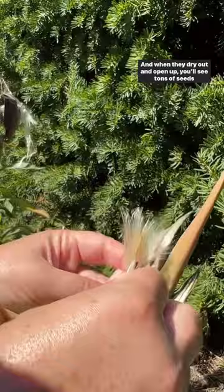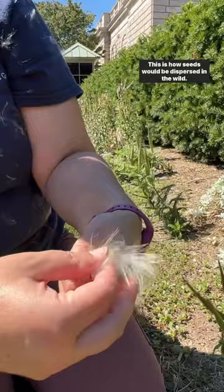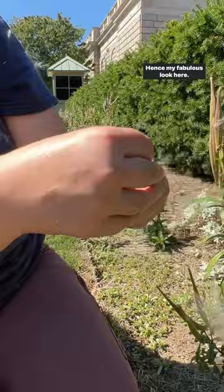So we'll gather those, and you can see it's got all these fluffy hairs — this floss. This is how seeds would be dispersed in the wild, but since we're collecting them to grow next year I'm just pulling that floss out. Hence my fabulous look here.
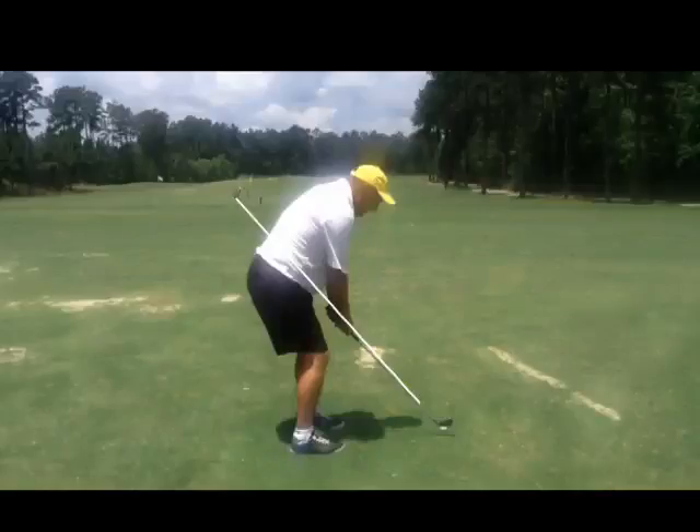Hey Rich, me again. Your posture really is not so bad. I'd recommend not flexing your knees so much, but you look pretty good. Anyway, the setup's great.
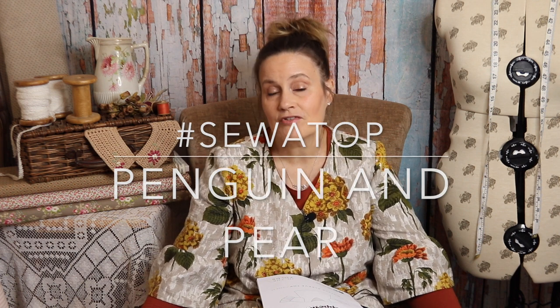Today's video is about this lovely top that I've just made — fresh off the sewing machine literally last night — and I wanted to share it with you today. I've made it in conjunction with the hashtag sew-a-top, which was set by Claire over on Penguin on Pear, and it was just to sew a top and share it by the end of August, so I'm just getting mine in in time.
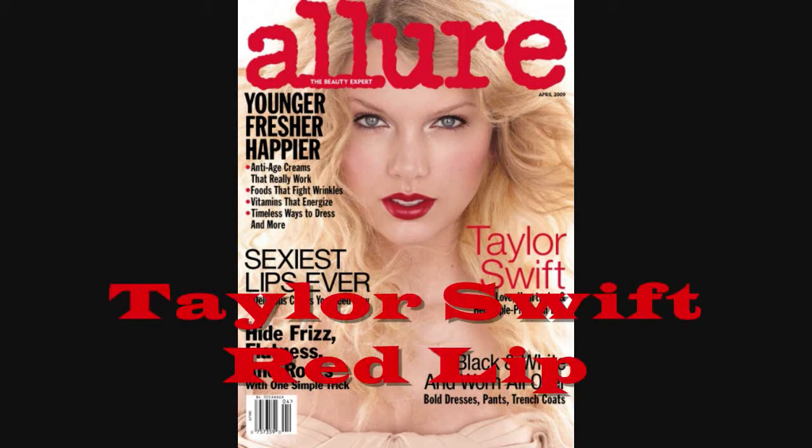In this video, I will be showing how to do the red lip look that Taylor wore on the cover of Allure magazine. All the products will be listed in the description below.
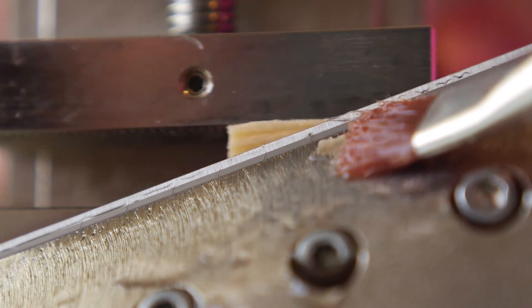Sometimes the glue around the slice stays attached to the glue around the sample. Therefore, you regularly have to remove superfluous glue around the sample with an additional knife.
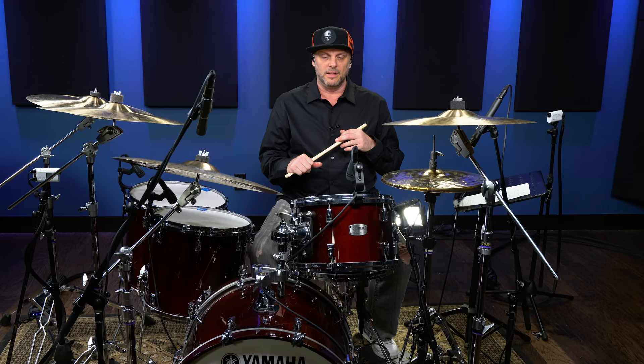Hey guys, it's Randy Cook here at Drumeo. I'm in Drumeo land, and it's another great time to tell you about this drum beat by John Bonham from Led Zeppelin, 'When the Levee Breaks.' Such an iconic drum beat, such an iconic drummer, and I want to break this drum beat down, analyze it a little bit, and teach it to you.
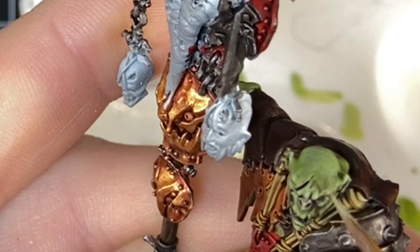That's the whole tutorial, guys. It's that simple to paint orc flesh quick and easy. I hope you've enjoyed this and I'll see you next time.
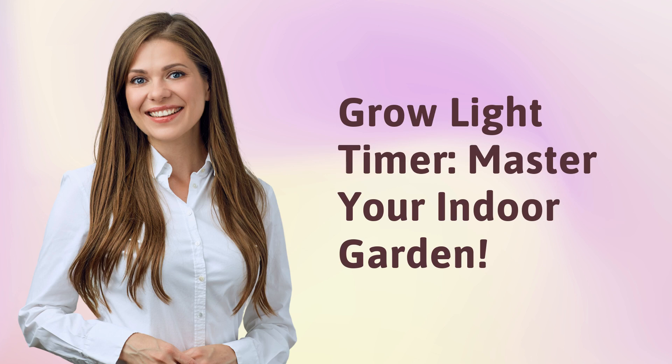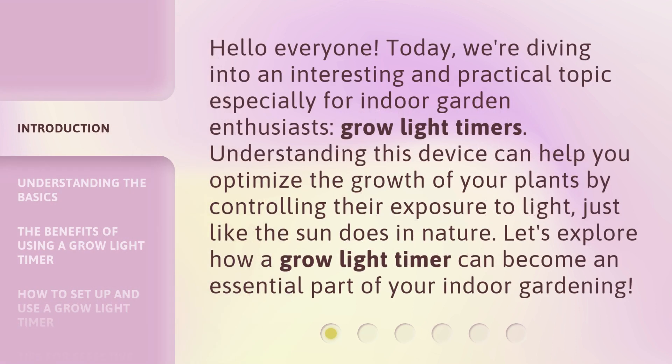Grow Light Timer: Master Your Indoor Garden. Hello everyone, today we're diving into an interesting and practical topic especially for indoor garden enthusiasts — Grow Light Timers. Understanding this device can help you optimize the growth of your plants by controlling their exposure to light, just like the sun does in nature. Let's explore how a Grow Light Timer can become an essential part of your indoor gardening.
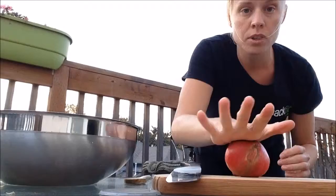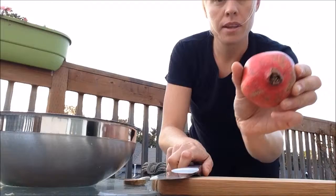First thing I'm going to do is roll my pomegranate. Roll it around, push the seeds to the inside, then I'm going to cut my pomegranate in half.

^^^^^^^^

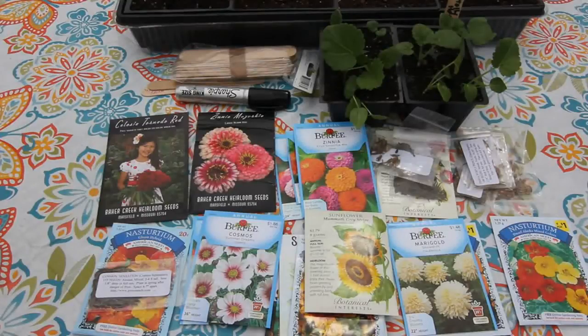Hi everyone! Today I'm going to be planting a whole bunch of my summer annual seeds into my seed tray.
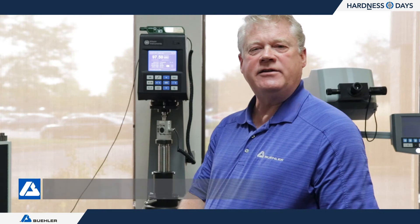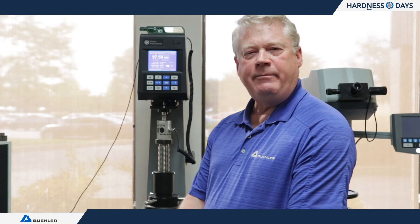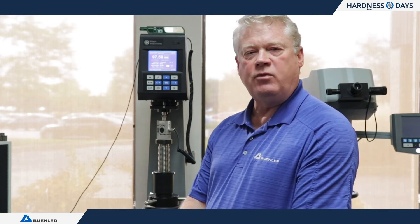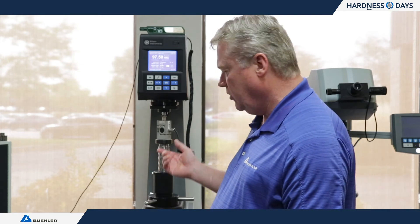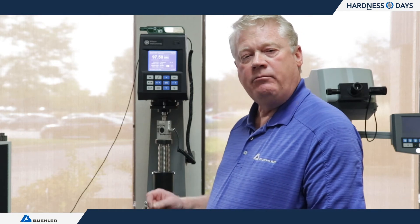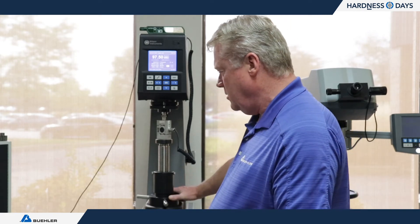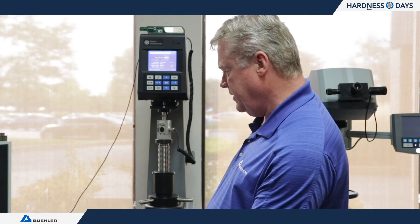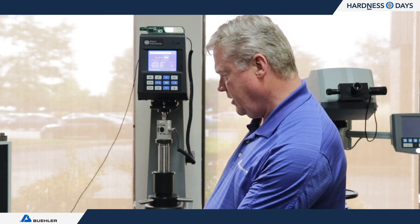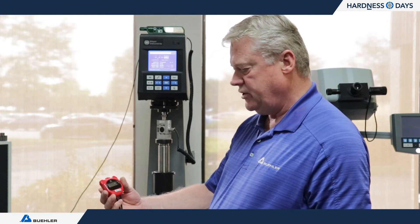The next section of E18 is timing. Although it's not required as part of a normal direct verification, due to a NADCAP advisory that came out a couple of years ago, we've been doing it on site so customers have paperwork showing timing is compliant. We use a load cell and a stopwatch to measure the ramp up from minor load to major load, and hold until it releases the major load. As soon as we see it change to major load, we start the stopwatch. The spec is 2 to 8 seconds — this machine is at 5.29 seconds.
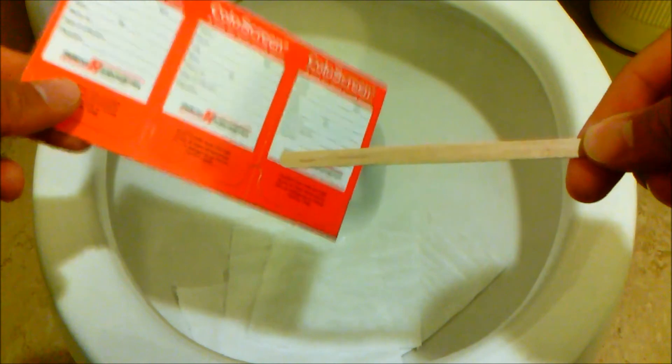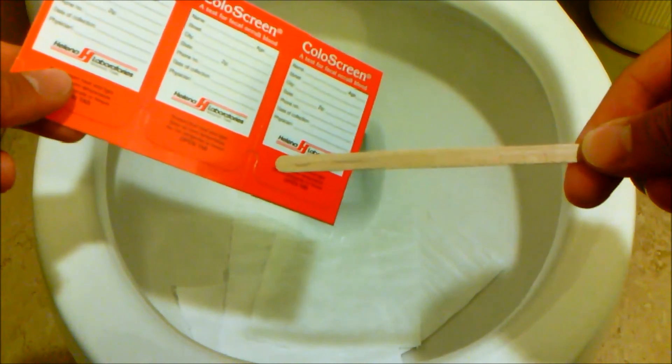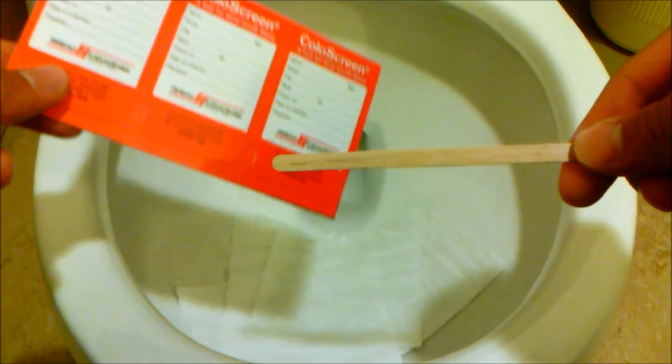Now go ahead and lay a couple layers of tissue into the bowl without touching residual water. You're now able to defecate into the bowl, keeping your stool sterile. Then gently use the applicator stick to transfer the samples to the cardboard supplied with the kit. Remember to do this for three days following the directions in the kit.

^^^^^^^^

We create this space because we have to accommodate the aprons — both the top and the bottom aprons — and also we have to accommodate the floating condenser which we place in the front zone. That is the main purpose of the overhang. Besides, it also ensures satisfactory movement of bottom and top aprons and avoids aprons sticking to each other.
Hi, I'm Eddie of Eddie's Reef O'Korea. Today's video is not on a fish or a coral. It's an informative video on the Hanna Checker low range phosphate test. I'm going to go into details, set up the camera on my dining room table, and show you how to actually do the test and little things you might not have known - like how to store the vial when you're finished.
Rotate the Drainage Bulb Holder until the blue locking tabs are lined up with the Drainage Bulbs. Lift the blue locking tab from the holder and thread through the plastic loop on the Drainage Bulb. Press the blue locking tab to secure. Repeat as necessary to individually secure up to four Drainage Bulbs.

^^^^^^^^

## [Work required]
Drop the pictures; return the lines above from the line containing "That's the whole" to the line containing "First thing I'm", both included, exactly.

## [Response to the task]
That's the whole tutorial, guys. It's that simple to paint orc flesh quick and easy. I hope you've enjoyed this and I'll see you next time.
Grow Light Timer: Master Your Indoor Garden. Hello everyone, today we're diving into an interesting and practical topic especially for indoor garden enthusiasts — Grow Light Timers. Understanding this device can help you optimize the growth of your plants by controlling their exposure to light, just like the sun does in nature. Let's explore how a Grow Light Timer can become an essential part of your indoor gardening.
First thing I'm going to do is roll my pomegranate. Roll it around, push the seeds to the inside, then I'm going to cut my pomegranate in half.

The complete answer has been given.